Some might already be aware, but this was Bill Taylor's old band in the 90s, before joining New York state juggernauts Immolation in the 21st century. Some of his band mates here were also involved in other of his past projects like Xenomorph and Laceration, but even the former's 1995 album, Empyreal Regimes, which I wasn't entirely fond of itself, is better built than what I'm hearing on this. Blackened Wisdom played primitive mesh of the black and death metal styles, with an undercurrent of grind to the blasting sequences. Taylor does the guitar and vocals on this, and he's got a blackened, hostile rasp that is drenched in its own simmering viscera due to the incredibly underwhelming production. There are lots of fits of bursted speed in the drums and guitars, and the bass tone is repulsive and voluminous in its overbearing drive, but throughout the 10 minutes I simply couldn't discern a single riff of interest. The titular B-side track has a decent stormy intro and feels more structured than the earlier tunes, but even there the darker, grooving guitars do little to quench my thirst, though the brief, doomy break in the middle comes close.

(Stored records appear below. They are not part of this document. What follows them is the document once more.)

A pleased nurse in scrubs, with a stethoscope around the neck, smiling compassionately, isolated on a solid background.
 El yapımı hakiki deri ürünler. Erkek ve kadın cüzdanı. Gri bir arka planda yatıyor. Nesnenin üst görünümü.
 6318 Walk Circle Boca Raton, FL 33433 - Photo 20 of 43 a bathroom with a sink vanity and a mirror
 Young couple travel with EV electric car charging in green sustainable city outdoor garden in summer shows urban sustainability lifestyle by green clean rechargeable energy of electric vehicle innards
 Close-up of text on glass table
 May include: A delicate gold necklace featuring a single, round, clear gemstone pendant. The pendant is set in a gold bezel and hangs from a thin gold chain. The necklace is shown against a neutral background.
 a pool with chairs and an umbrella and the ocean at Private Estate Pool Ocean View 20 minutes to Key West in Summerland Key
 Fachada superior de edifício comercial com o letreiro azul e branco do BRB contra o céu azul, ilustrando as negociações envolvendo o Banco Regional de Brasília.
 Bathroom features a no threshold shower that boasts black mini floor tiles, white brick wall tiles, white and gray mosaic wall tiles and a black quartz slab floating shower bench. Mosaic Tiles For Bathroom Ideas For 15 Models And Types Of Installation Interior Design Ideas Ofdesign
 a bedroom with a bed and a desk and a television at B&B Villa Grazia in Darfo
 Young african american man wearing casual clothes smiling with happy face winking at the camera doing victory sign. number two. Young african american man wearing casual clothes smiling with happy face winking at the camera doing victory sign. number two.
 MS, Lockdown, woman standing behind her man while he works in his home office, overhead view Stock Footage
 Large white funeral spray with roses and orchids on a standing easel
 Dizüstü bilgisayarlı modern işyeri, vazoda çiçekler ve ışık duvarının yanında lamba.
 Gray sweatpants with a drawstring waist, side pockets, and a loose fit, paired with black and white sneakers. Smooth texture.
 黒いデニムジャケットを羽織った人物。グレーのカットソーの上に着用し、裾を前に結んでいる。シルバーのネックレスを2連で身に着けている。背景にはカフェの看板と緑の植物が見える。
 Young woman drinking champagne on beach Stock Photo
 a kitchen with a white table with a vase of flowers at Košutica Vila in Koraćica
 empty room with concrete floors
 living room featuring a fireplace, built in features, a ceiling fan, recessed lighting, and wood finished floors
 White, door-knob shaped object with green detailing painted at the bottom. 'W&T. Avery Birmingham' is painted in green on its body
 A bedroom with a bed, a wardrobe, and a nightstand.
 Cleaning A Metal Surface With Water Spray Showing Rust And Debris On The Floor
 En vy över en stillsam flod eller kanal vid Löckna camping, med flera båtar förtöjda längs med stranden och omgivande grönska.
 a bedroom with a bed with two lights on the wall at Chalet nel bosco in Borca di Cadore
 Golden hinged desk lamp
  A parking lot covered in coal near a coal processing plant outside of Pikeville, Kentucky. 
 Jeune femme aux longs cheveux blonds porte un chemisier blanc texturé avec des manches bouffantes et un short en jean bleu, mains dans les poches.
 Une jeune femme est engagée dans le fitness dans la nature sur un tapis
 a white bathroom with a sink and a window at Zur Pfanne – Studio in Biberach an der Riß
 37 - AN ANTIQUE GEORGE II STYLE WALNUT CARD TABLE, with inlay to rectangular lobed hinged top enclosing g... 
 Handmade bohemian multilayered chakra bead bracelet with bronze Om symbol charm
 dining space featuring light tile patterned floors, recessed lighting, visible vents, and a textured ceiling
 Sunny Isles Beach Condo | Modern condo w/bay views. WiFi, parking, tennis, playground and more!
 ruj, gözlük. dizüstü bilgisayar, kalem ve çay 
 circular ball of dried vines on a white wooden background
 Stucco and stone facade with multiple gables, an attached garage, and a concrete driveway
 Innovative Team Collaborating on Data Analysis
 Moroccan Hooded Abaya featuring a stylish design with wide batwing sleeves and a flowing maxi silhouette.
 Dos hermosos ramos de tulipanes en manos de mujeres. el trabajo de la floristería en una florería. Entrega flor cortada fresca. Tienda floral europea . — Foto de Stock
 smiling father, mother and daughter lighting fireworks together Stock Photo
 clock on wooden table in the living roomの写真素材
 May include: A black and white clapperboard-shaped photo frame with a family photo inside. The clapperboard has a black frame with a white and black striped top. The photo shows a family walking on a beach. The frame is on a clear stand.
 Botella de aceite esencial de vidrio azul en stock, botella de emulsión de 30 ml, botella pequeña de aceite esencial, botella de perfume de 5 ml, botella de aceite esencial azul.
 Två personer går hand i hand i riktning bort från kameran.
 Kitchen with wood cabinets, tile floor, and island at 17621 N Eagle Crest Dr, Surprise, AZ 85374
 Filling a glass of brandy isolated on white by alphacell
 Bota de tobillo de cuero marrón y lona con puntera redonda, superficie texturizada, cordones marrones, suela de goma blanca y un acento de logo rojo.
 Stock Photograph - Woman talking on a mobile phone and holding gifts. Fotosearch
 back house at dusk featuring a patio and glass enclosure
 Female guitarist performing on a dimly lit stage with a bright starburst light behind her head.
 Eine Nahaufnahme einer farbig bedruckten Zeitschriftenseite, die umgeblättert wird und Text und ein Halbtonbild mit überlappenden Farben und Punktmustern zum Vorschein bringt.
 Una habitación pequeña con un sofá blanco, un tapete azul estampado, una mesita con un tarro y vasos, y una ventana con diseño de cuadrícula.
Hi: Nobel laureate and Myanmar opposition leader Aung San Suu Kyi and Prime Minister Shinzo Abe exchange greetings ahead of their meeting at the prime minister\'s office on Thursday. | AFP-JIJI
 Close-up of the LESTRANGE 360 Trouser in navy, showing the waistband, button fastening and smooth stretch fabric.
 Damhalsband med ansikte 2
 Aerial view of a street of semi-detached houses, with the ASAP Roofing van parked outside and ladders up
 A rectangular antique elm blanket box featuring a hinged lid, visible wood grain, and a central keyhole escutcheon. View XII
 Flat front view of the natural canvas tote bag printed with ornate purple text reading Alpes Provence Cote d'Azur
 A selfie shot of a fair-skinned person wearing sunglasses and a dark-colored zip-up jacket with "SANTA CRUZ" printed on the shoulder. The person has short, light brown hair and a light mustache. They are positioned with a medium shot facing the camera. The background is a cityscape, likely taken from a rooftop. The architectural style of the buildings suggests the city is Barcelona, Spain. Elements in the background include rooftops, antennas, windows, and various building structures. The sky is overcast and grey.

Comparatively, a few of the tracks come close to Angelcorpse, or the more recent Deiphago, though obviously the production of this is nowhere near so guitar heavy, and the music really suffers. Granted, there is some degree of glory to the fact that this has finally arrived after so many years, and I doubt the constituent members themselves find it to be a work of genius. More like a piece of history for extreme metal addicts who might never have heard it. But that's just not enough for me to recommend it, unless you are brutally obsessed with impenetrable war metal chaos and need some fast and grimy to floss out your ears and brain cavity, to relieve you from the stress of a hipster dominated environment. I enjoy Taylor's work in Immolation far more than his earlier bands, but that's still not enough of a reason that I could get invested here. Unless you're an extreme black/death metal collector in search of scarcity, or an audio masochist, you may wish to pass on this.